Seminars in Dialysis | 2017
Kamyar Kalantar-Zadeh; Susan T. Crowley; Srinivasan Beddhu; Joline L.T. Chen; John T. Daugirdas; David S. Goldfarb; Anna Jin; Csaba P. Kovesdy; David J. Leehey; Hamid Moradi; Sankar D. Navaneethan; Keith C. Norris; Yoshitsugu Obi; Ann M. O'Hare; Tariq Shafi; Elani Streja; Mark Unruh; Tushar J. Vachharajani; Steven D. Weisbord; Connie M. Rhee
Each year approximately 13,000 Veterans transition to maintenance dialysis, mostly in the traditional form of thrice‐weekly hemodialysis from the start. Among >6000 dialysis units nationwide, there are currently approximately 70 Veterans Affairs (VA) dialysis centers. Given this number of VA dialysis centers and their limited capacity, only 10% of all incident dialysis Veterans initiate treatment in a VA center.
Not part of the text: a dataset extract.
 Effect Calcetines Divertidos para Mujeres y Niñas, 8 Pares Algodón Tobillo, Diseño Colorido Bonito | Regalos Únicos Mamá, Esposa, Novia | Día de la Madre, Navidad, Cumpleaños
Evidence suggests that, among Veterans, the receipt of care within the VA system is associated with favorable outcomes, potentially because of the enhanced access to healthcare resources. Data from the United States Renal Data System Special Study Center “Transition‐of‐Care‐in‐CKD” suggest that Veterans who receive dialysis in a VA unit exhibit greater survival compared with the non‐VA centers. Substantial financial expenditures arise from the high volume of outsourced care and higher dialysis reimbursement paid by the VA than by Medicare to outsourced providers. Given the exceedingly high mortality and abrupt decline in residual kidney function (RKF) in the first dialysis year, it is possible that incremental transition to dialysis through an initial twice‐weekly hemodialysis regimen might preserve RKF, prolong vascular access longevity, improve patients’ quality of life, and be a more patient‐centered approach, more consistent with “personalized” dialysis. Broad implementation of incremental dialysis might also result in more Veterans receiving care within a VA dialysis unit. Controlled trials are needed to examine the safety and efficacy of incremental hemodialysis in Veterans and other populations; the administrative and health care as well as provider structure within the VA system would facilitate the performance of such trials.